All pictures are to be omitted while the lines starting at the line with "GEHENFRUCHT Money Gift, Happy" and ending at the line with "Swivel Recliner Chair" in the material below are retyped exactly, both ends included.

▶ _Available data_

╭──

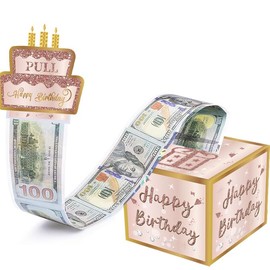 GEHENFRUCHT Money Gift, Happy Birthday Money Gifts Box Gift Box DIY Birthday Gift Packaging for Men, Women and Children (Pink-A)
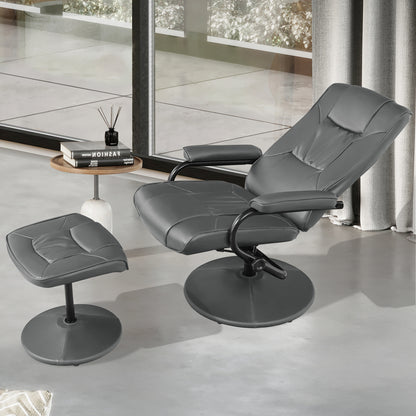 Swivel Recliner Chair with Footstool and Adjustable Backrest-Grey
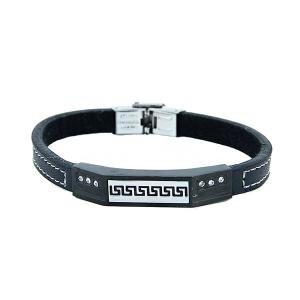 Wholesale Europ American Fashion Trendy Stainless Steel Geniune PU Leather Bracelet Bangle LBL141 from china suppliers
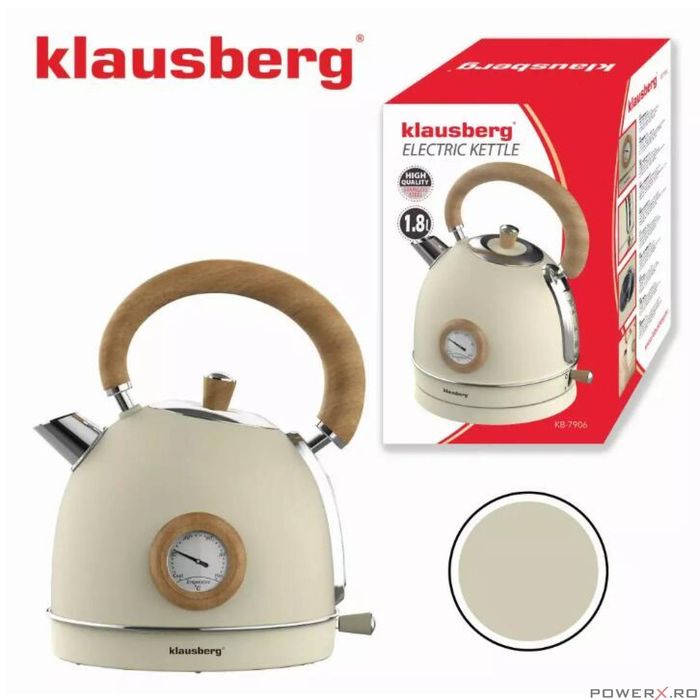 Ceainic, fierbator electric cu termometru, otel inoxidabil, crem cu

╰──
╭──

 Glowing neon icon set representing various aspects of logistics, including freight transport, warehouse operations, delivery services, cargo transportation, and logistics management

╰──
╭──

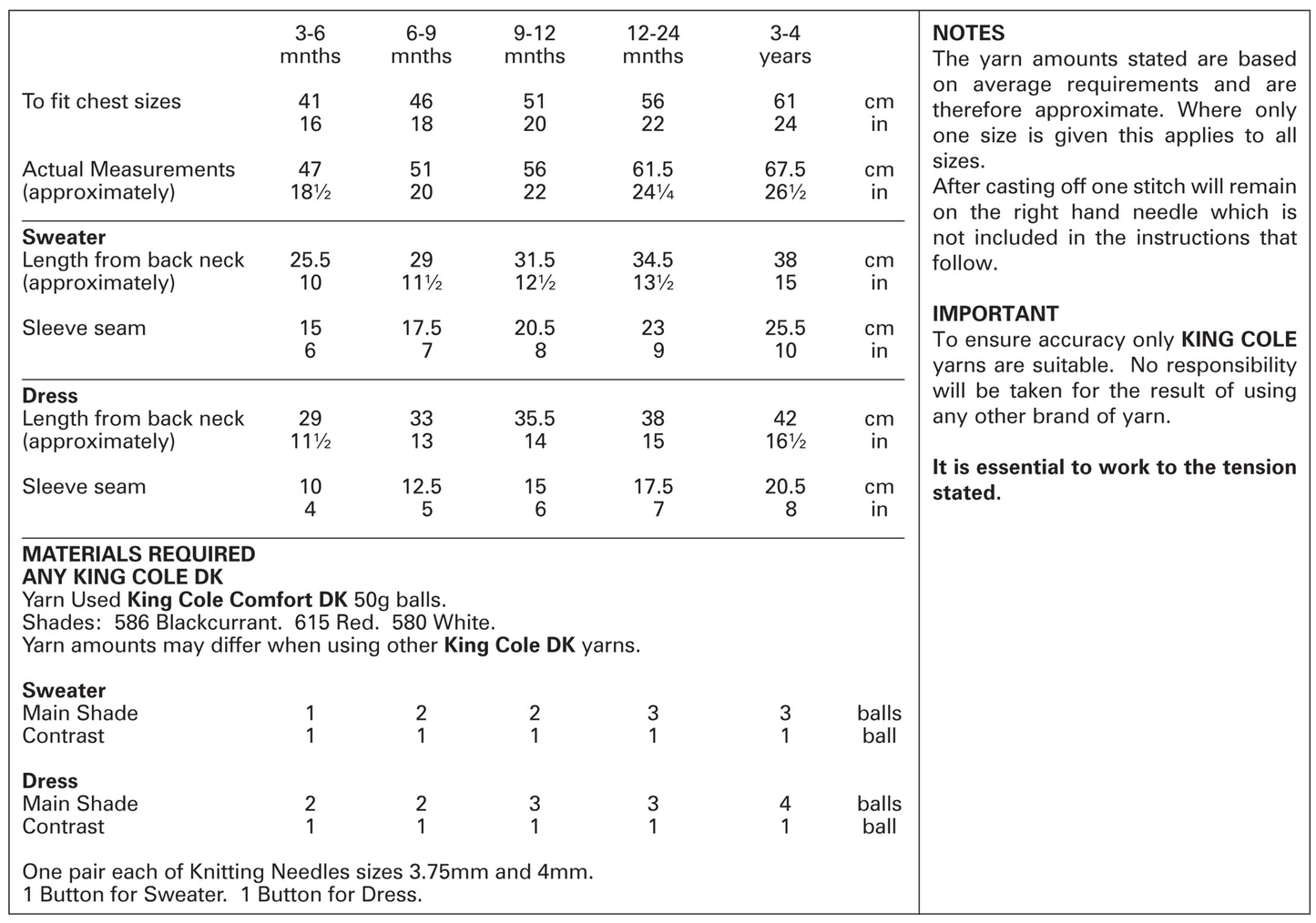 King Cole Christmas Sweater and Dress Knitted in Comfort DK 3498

╰──

▶ _Exercise answer_
 GEHENFRUCHT Money Gift, Happy Birthday Money Gifts Box Gift Box DIY Birthday Gift Packaging for Men, Women and Children (Pink-A)
 Swivel Recliner Chair with Footstool and Adjustable Backrest-Grey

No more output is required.